Jennifer "Jenny" DiNoia (born February 23, 1982) is an American singer and stage actress. She is best known for her work in musical theatre, especially Wicked, playing the lead role of Elphaba in various productions around the world.

==Career==

===Early life and training===
Jennifer DiNoia was born (and raised) in Meriden, Connecticut, on February 23, 1982. She began dancing at the age of 3, and at 6 years old, took part in a national tour of Rodgers and Hammerstein's The King and I. She continued to dance and sing through her youth, and eventually began attending Point Park University in Pittsburgh, majoring in dance. After taking a summer internship at the Broadway Dance Center, DiNoia opted to move to New York City in search of stage work, primarily as a dancer.

===Personal life===
Jennifer has a daughter named Joules Simeone Stassi. Joules was born on November 10, 2015, through caesarean section.

===Stage work===
DiNoia's first professional credit came when she was cast on the U.S. national tour of Mamma Mia!. She appeared in the ensemble, as well as providing cover for the role of Ali. In 2003, while on the Mamma Mia tour, DiNoia was inspired after hearing "Defying Gravity", the signature song from the recently released musical Wicked, and took her first professional singing lessons. In the Summer of 2004, DiNoia joined the Las Vegas production of We Will Rock You, appearing as part of the original American cast in the ensemble and later as understudy for the lead role Scaramouche.

==Wicked==
After leaving We Will Rock You, DiNoia auditioned for Wicked, and was cast in the Chicago production, initially as a swing. She learned all nine dance parts and became emergency cover for the lead role of Elphaba. She officially became the standby for Elphaba in October 2007, providing cover for Dee Roscioli and then Lisa Brescia. DiNoia remained with the Chicago company until it closed on January 25, 2009, after at least 1,500 performances.

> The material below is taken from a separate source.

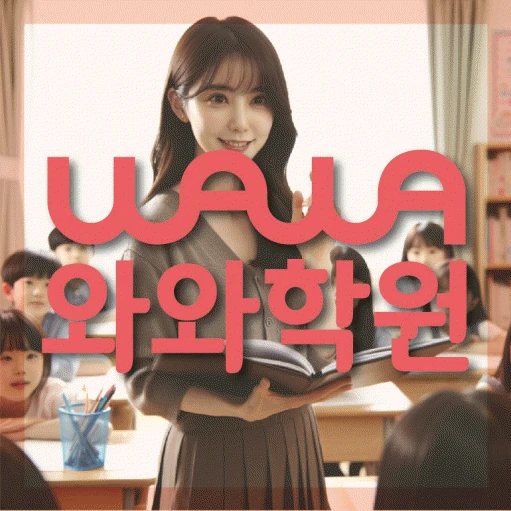 정자동 초등 영어학원 코칭학원.com 대표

Following the closure, DiNoia transferred to the Broadway production of Wicked, taking over the role of Elphaba standby from Julie Reiber. In the November of the same year, DiNoia travelled to Sydney, Australia to provide emergency standby for Elphaba for one month, departing in December 2009. DiNoia returned to the Broadway company, and remained the Elphaba standby until August 2011, when she was replaced by Donna Vivino.

In June 2012, DiNoia returned to Wicked, this time with the Asian touring company. She appeared as an alternate Elphaba, performing in Seoul, South Korea when the lead Elphaba, Jemma Rix, was unavailable. This marked the third country that DiNoia had played Elphaba in. In October 2012, she briefly returned to the role as Elphaba standby in the Broadway company, before Vivino returned to the role one month later.

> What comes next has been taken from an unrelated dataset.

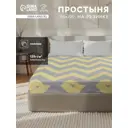 Простыня Этель Желтый Шеврон 160x235 см хлопок на резинке цвет желтый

After appearing in Wicked in various roles for over six years, DiNoia finally was cast in the lead role of Elphaba on April 3, 2013, replacing Christine Dwyer on the "Munchkinland Tour" - the second national touring company. She appeared alongside Hayley Podschun, who played the role of Glinda. Both she and Podschun exited the company on March 31, 2014. DiNoia was replaced by Laurel Harris, while Podschun was replaced by Kara Lindsay. Later in 2014, DiNoia performed "Defying Gravity" at the opening ceremony of the 2014 Special Olympics in New Jersey. She then again served as temporary Elphaba standby on Broadway, before Lilli Cooper could take on the role.

In September 2014, DiNoia was revealed to be the next lead Elphaba in the West End production of Wicked. She became the second American to appear as Elphaba in London, following the original lead Idina Menzel, while the United Kingdom became the fourth country that DiNoia had played Elphaba in. She officially replaced Kerry Ellis on 27 October 2014, appearing opposite Savannah Stevenson as Glinda. Her limited engagement in London came to an end on 31 January 2015, when she was replaced by Elphaba standby Emma Hatton.

In February 2015 DiNoia joined the 1st national tour of Wicked in Los Angeles, CA for a limited four-week engagement, following the unexpected sudden departure of Elphaba actress Emma Hunton. She was part of the tour's final cast, and her run ended on March 15 when the tour closed after almost ten years on the road.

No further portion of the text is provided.